Allocators generally give out memory in predetermined sizes from different pools, splitting the allocation in a "box" part and a "rest" part would break this strategy. Additionally, heap allocators in particular sometimes store metadata next to the actual allocated data, which you couldn't do for the "rest" of the vec because the "box" is in the way.
finally, you would need to notify the allocator that you've performed this split, which (even if you had an interface to do it) could incur a pretty big runtime cost
great vid, will make sure to watch all of it👍😇🫡
Can someone explain a little more what he means with rotate at minute 47:48? I dont get why its better on vecdeque than in vec
I'm new to rust but what I gathered is you don't have to shift all the elements in vecdeque. Just pop left then push right and change the start and end position whereas with a vec you'd have to shift every single element left then push the item on the end?
@@phil6758 I think I see it much clearer now. Thanks
cant they make a pointer lookup table for linked lists? so that element access is const
@2:45 - For VecDeque - what does empty look like? Surely Start and End are the same?
And so if full, it cannot be Start & End are the same because empty and full would have he same state.
I think technically they store head + length, which doesn't have the same problem.
Well, when full, start and end are off by one, not same. However, what you're describing is a problem if there's just one element. Then start and end would point to the same element. So, yes, if you're storing start and end separately you do need to explicitly check for "empty" state. In our CS classes we used to do it by assigning start = end = -1, or you could say (None, None) in Rustic terms.
@@VivekYadav-ds8oz _Well, when full, start and end are off by one, not same_
That is what I think. Fullness is basically when end +1 == start (allowing for circular buffer wrap around).
_However, what you're describing is a problem if there's just one element. Then start and end would point to the same element_
No. If start and end are the same => that is empty
If start + 1 == end, that is 1 element in the buffer (allowing for circular buffer wrap around).
at 1:06:43 you say that a Set is faster than a Vec for Set operations. I found that most often iterating the Vec and using something like find or position is faster up until a very large number of elements because modern CPUs can optimise these kinds of operations really well. So if you need maximum performance, benchmarking with realistic payloads can be very helpful.
TBH you should probably always do benchmarking if you care about performance
Well the point I was trying to make is that you should not rely solely on complexity when it comes to real life code performance. Even though a HashMap lookup is O(1) and finding an element in a Vec is O(n), the latter will be faster more often than one might think.

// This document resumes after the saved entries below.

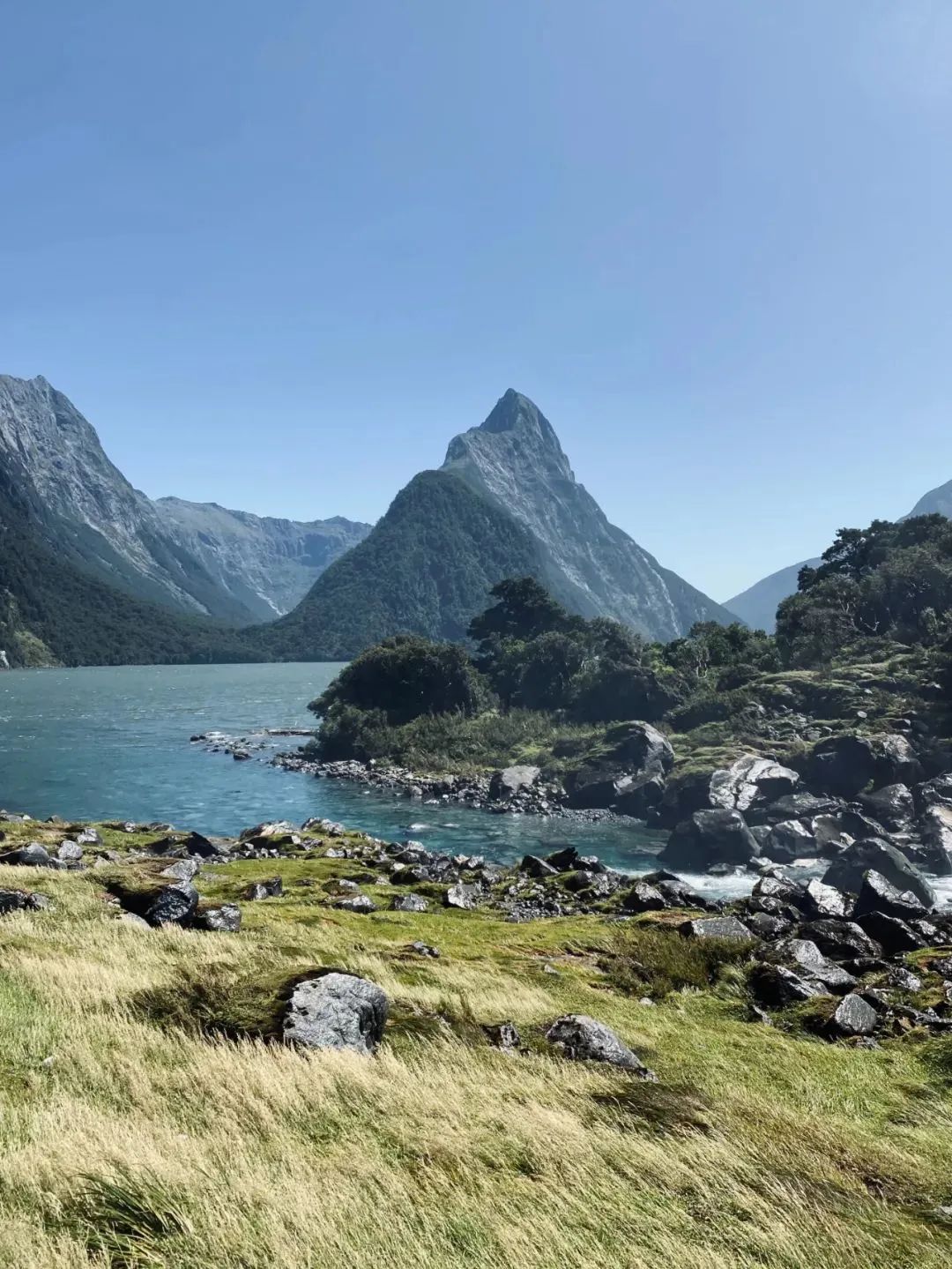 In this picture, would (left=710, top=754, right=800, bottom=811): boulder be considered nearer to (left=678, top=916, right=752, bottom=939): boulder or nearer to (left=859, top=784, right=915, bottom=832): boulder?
(left=859, top=784, right=915, bottom=832): boulder

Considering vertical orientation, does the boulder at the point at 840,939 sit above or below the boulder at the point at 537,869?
above

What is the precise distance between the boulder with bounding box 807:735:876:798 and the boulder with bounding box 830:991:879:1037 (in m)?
50.8

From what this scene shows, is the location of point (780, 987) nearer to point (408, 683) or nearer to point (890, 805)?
point (890, 805)

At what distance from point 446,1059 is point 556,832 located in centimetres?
5004

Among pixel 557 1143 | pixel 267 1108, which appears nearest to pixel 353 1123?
pixel 267 1108

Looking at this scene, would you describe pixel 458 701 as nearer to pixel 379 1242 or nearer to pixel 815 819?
pixel 815 819

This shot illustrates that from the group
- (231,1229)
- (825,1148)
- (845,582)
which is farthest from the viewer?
(845,582)

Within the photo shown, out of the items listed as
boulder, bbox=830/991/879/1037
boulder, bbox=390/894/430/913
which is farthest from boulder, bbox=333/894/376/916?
boulder, bbox=830/991/879/1037

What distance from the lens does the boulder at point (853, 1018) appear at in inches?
577

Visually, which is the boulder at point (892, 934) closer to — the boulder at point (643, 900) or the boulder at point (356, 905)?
the boulder at point (643, 900)

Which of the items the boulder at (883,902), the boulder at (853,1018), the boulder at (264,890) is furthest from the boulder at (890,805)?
the boulder at (264,890)

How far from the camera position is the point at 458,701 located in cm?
9919

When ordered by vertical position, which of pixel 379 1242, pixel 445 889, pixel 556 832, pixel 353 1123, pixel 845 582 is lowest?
pixel 556 832

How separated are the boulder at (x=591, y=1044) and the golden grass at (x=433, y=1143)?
42cm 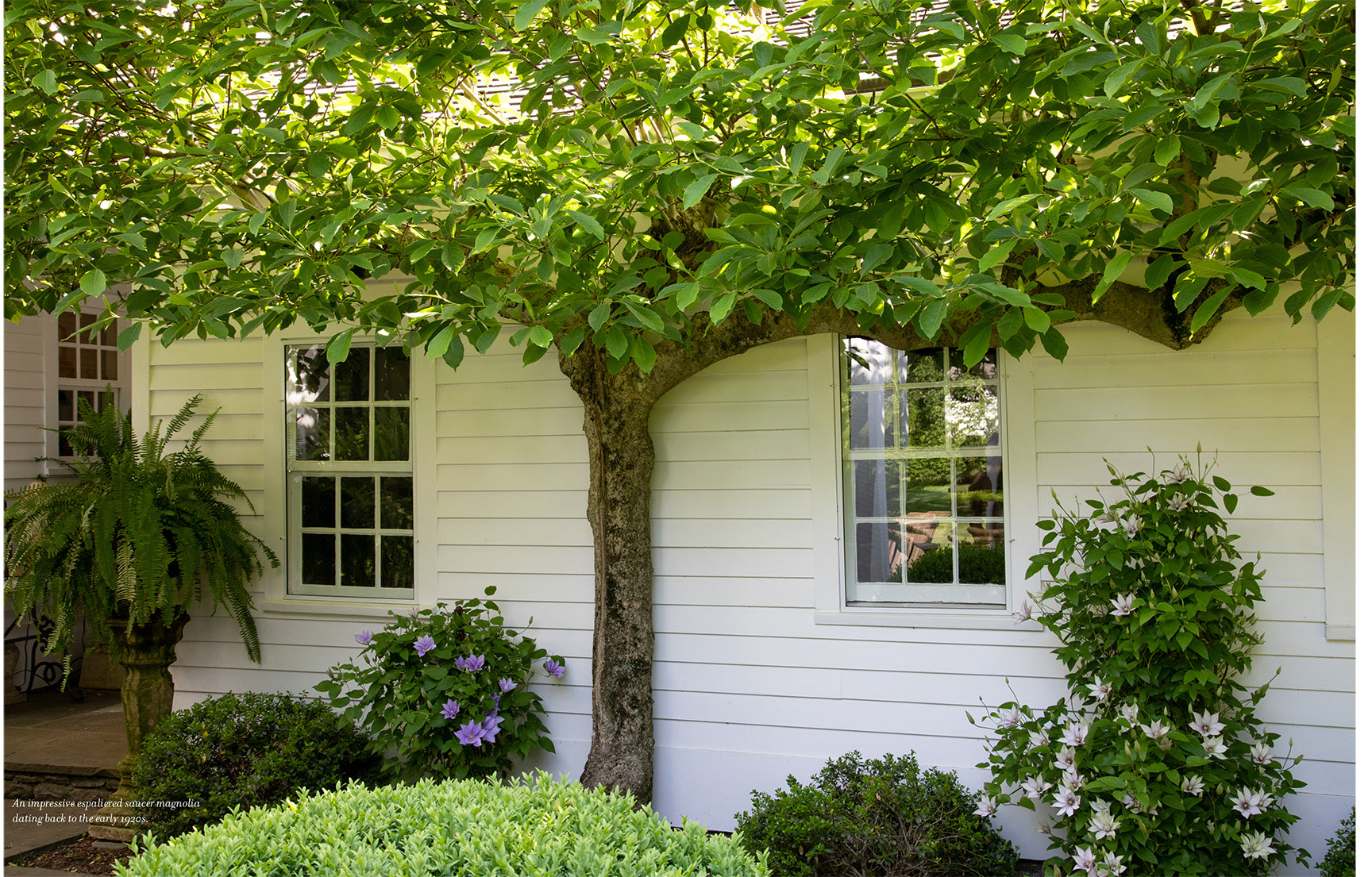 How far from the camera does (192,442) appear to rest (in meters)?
5.53

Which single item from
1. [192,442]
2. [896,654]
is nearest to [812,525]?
[896,654]

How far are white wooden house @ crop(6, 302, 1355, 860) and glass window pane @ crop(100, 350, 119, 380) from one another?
3096 mm

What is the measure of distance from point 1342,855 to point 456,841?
3.37m

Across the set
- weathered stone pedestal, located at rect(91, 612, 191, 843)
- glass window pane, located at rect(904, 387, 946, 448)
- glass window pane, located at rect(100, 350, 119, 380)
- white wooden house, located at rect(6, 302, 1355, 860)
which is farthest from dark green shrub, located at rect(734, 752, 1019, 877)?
glass window pane, located at rect(100, 350, 119, 380)

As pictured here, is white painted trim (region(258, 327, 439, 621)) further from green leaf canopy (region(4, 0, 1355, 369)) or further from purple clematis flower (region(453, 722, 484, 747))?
green leaf canopy (region(4, 0, 1355, 369))

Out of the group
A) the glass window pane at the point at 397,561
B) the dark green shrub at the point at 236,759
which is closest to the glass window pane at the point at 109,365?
the glass window pane at the point at 397,561

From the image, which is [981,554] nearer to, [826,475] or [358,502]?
[826,475]

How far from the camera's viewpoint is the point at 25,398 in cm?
759

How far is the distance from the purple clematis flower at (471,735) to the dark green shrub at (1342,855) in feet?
11.3

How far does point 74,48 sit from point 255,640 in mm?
3228

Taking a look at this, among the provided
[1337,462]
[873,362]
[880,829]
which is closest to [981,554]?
[873,362]

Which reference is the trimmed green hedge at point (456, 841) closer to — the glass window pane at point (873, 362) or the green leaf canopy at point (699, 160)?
the green leaf canopy at point (699, 160)

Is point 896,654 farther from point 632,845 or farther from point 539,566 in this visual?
point 632,845

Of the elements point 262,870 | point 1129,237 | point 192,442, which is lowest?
point 262,870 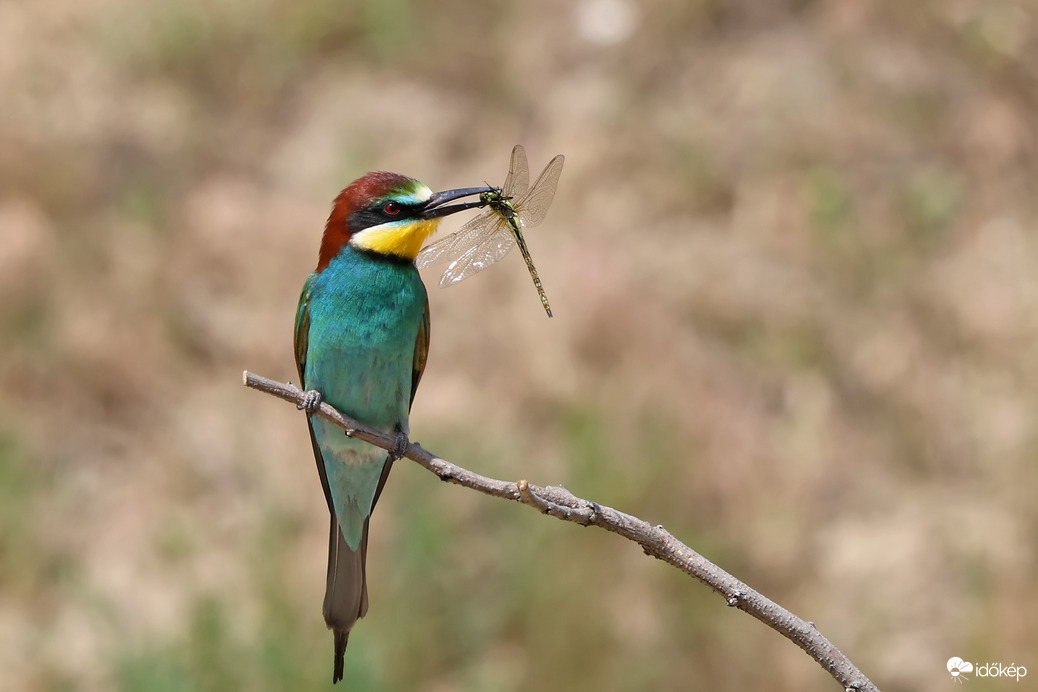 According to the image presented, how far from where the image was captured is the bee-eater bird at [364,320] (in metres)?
Answer: 2.50

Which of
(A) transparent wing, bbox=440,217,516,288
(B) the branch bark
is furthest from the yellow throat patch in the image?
(B) the branch bark

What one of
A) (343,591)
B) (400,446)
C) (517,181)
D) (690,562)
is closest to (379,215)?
(517,181)

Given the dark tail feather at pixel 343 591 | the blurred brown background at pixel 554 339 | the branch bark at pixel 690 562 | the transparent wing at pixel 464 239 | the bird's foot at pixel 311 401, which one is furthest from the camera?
the blurred brown background at pixel 554 339

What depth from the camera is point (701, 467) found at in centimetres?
438

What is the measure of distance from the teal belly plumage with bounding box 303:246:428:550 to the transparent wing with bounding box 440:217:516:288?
14cm

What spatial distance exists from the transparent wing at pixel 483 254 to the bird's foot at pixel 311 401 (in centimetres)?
35

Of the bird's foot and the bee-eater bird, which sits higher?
the bee-eater bird

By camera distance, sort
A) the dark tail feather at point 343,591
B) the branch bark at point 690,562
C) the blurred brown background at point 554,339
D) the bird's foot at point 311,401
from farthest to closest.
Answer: the blurred brown background at point 554,339
the dark tail feather at point 343,591
the bird's foot at point 311,401
the branch bark at point 690,562

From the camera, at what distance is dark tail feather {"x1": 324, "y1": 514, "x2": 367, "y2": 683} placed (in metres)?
2.41

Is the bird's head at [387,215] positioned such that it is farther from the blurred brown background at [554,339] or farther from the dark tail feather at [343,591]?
the blurred brown background at [554,339]

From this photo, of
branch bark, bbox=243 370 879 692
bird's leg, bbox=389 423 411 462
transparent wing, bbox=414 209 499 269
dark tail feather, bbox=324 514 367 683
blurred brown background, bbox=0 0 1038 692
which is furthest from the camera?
blurred brown background, bbox=0 0 1038 692

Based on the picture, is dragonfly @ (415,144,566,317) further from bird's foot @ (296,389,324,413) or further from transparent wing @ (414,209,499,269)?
bird's foot @ (296,389,324,413)

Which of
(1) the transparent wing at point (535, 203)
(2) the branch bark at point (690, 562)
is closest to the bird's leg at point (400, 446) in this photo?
(2) the branch bark at point (690, 562)

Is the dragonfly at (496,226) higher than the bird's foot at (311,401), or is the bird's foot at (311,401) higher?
the dragonfly at (496,226)
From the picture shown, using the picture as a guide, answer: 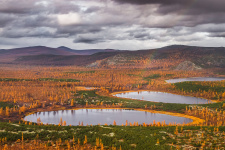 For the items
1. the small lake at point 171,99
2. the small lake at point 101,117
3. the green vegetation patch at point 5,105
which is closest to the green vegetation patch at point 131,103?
the small lake at point 101,117

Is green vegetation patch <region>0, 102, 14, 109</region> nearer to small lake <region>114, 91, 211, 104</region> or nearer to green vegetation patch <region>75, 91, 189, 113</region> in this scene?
green vegetation patch <region>75, 91, 189, 113</region>

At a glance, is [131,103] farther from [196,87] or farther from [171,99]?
[196,87]

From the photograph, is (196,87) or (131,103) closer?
(131,103)

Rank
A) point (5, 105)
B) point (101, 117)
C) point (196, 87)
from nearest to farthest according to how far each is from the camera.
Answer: point (101, 117)
point (5, 105)
point (196, 87)

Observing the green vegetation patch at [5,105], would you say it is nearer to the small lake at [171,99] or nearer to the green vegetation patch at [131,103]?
the green vegetation patch at [131,103]

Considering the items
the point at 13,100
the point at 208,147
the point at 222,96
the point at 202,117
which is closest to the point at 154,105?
the point at 202,117

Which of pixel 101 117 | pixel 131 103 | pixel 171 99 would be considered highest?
pixel 131 103

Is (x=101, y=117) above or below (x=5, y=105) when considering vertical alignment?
below

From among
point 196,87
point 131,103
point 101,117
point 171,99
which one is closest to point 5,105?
point 101,117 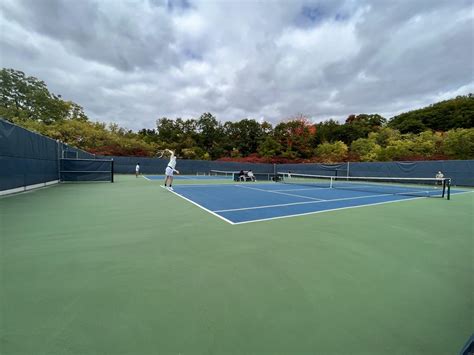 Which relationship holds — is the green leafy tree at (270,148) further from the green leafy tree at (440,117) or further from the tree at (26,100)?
the tree at (26,100)

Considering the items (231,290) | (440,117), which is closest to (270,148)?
(440,117)

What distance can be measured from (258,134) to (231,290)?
155 feet

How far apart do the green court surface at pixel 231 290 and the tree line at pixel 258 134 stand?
27.2 m

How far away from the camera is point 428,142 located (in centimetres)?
2661

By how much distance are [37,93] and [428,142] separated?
163 ft

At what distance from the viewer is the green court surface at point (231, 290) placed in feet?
4.73

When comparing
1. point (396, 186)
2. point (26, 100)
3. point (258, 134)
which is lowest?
point (396, 186)

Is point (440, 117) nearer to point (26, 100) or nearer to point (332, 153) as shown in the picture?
point (332, 153)

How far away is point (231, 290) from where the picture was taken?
2.01 meters

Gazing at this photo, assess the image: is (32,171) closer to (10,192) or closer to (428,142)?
(10,192)

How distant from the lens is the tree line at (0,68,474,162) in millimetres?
27375

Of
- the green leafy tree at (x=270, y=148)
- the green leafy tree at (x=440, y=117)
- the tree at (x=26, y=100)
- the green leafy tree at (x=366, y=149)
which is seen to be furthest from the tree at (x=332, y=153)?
the tree at (x=26, y=100)

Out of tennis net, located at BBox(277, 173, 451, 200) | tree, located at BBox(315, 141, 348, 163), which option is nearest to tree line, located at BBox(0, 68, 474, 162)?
tree, located at BBox(315, 141, 348, 163)

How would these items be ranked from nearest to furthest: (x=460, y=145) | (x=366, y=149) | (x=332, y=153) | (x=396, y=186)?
(x=396, y=186) → (x=460, y=145) → (x=366, y=149) → (x=332, y=153) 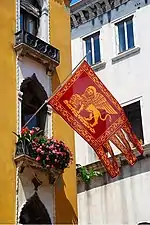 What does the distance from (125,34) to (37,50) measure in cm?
726

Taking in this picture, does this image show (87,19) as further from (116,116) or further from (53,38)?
(116,116)

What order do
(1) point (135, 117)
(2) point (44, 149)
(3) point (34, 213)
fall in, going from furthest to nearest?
(1) point (135, 117)
(3) point (34, 213)
(2) point (44, 149)

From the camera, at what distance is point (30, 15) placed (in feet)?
57.8

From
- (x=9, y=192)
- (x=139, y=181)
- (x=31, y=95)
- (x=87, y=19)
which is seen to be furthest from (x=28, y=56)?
(x=87, y=19)

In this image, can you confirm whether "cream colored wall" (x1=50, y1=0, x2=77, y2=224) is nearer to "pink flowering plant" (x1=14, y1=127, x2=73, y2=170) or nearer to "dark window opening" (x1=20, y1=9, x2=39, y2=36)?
"dark window opening" (x1=20, y1=9, x2=39, y2=36)

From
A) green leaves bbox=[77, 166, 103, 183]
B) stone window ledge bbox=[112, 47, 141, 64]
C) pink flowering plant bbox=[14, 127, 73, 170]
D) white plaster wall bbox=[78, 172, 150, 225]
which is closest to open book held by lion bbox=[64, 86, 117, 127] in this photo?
pink flowering plant bbox=[14, 127, 73, 170]

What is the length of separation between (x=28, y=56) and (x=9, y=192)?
3.77 meters

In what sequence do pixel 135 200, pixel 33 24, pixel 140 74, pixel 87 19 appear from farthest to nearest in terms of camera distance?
1. pixel 87 19
2. pixel 140 74
3. pixel 135 200
4. pixel 33 24

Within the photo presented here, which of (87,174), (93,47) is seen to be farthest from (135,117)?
(93,47)

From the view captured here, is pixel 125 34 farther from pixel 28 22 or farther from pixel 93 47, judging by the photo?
pixel 28 22

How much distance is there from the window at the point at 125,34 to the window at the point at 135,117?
2.22m

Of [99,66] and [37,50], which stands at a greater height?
[99,66]

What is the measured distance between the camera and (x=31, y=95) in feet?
53.9

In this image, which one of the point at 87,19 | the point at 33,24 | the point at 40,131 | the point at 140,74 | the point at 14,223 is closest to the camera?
the point at 14,223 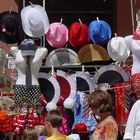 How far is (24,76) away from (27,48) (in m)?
0.37

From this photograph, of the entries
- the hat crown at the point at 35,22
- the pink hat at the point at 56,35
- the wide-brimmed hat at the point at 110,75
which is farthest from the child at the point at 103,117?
the pink hat at the point at 56,35

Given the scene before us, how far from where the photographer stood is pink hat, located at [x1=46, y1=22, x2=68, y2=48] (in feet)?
22.3

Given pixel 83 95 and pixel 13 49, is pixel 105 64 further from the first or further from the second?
pixel 13 49

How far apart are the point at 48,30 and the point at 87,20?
4.75 feet

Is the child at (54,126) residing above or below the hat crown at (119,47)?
below

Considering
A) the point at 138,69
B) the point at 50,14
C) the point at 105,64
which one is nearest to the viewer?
the point at 138,69

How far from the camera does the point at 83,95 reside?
20.9 feet

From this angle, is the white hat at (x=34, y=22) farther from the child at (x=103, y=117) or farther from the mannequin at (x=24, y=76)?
the child at (x=103, y=117)

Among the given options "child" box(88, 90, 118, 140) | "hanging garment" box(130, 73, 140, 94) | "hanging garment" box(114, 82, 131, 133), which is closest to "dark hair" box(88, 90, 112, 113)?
"child" box(88, 90, 118, 140)

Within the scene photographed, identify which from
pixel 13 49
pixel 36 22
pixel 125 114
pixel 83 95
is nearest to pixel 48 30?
pixel 36 22

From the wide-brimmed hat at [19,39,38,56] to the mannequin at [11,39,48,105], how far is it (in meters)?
0.05

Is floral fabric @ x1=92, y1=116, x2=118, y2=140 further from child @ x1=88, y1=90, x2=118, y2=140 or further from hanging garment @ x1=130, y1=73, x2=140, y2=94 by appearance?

Comparing the std hasher or even when you use a fast hasher? Also, what do you consider to be a "very large number"? It's probably true for larger numbers than most people would think but pretty sure I've tested this on some Advent of Code problems in the past and got better results with a fast hash set. I guess more complex objects probably also favor hashing whereas a Vec will remain faster for longer if you're just storing ints. Also, you made a typo in your last comment. Finding an element in a Vec is O(n).
How slow is binary heap's retain?
What is the whiteboard program?
34:40 now they know
Could you please share your Firefox config file?
github.com/jonhoo/configs/blob/master/gui/.mozilla/firefox/chrome/userChrome.css
Thank you!
Please a crust of rust of egui+eframe+rerun!!!
yah its been WILL
OrderedSet is quite nonsensical, but oh well, i wouldnt expose the ordering
Decrust ratatui please
As you can see, the real reason a HashMap is not really order one is because Jon can't draw a straight line.